● WHAT THE EXERCISE ASKS
Reproduce each line below precisely. Drop the pictures.

● EXERCISE DATA

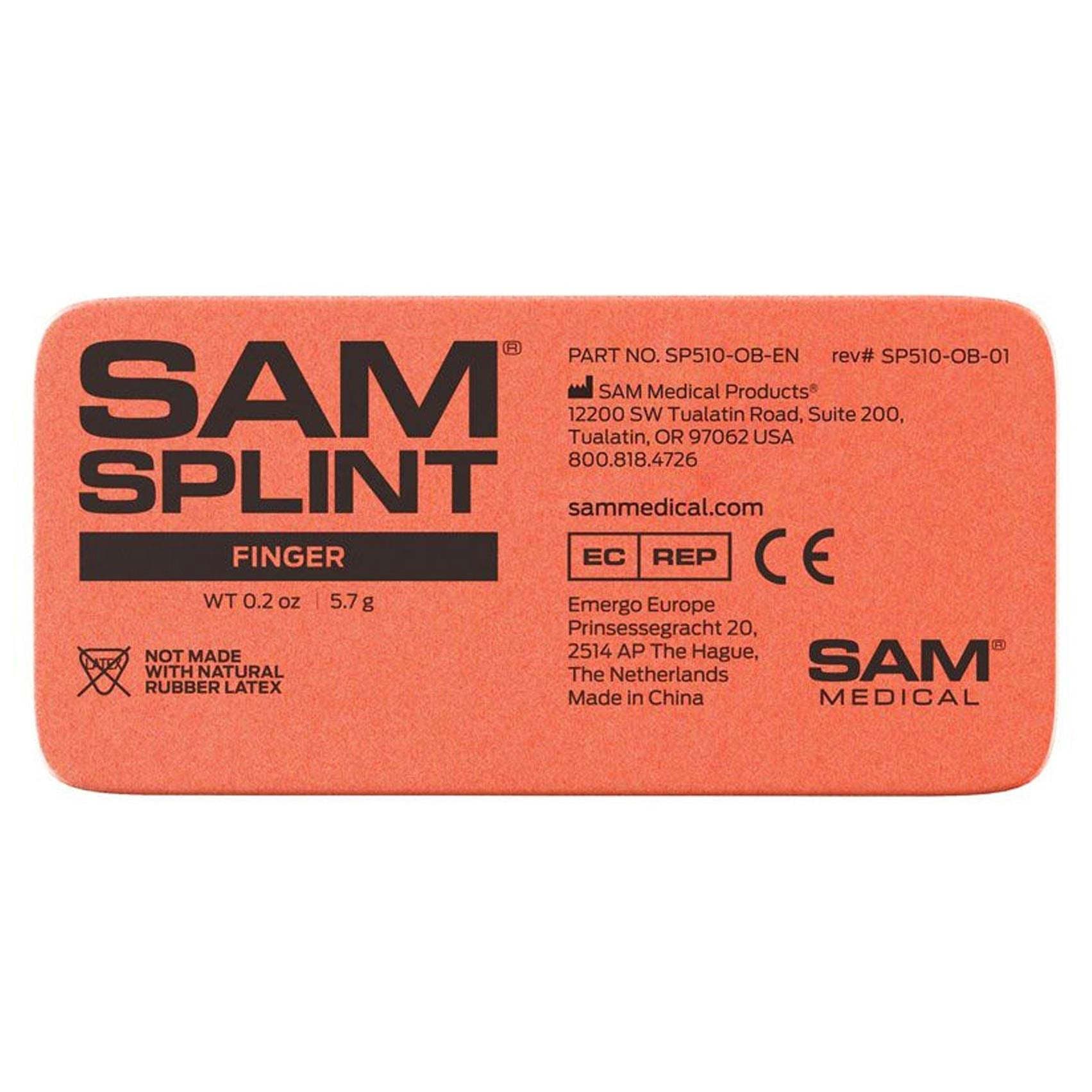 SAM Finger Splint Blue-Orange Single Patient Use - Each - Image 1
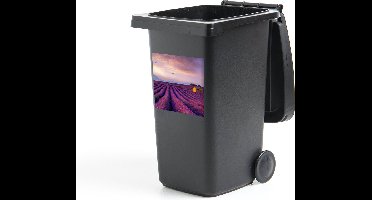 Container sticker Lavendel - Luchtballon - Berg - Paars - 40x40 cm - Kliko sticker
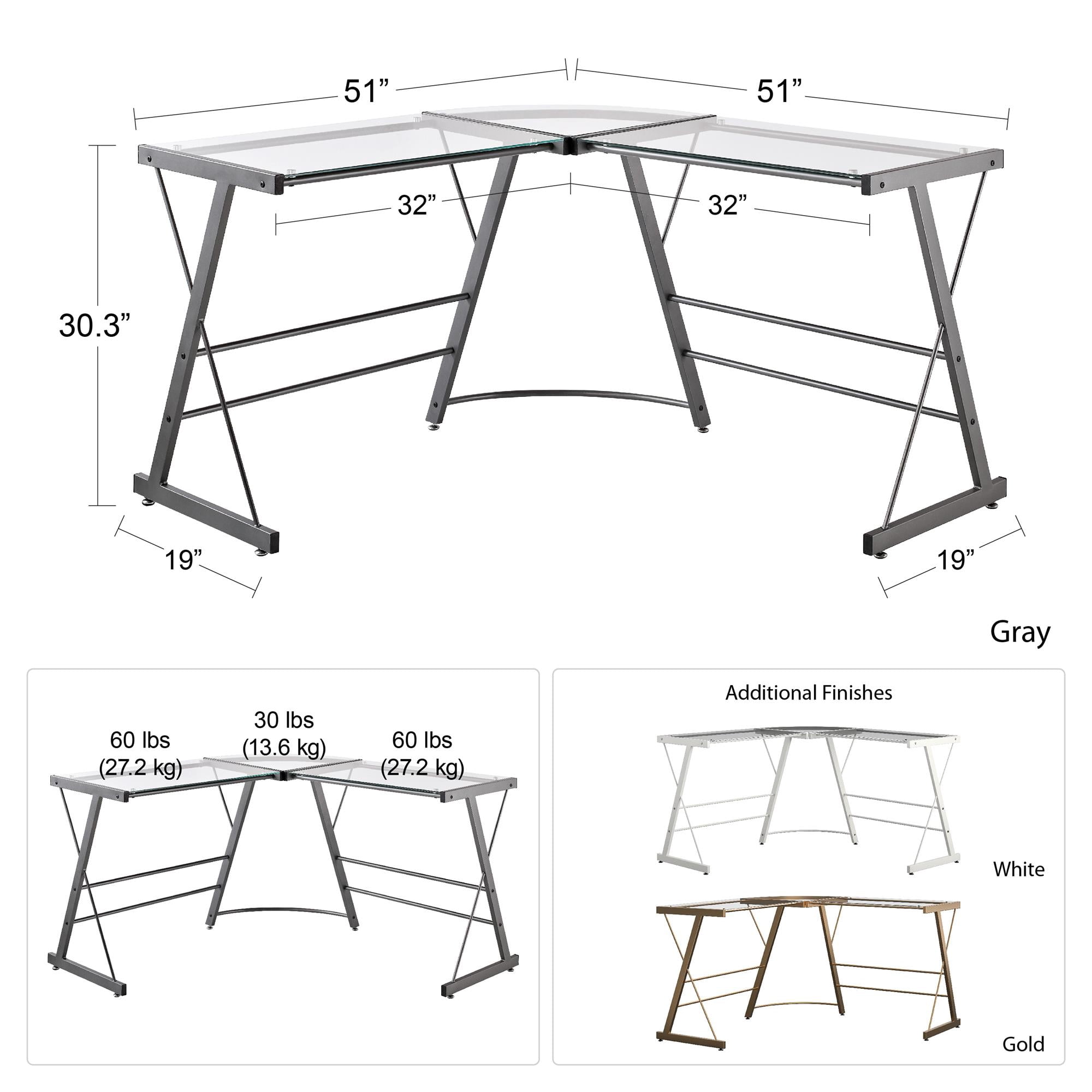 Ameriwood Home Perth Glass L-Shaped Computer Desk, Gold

● PROBLEM SOLUTION
 SAM Finger Splint Blue-Orange Single Patient Use - Each - Image 1
 Container sticker Lavendel - Luchtballon - Berg - Paars - 40x40 cm - Kliko sticker
 Ameriwood Home Perth Glass L-Shaped Computer Desk, Gold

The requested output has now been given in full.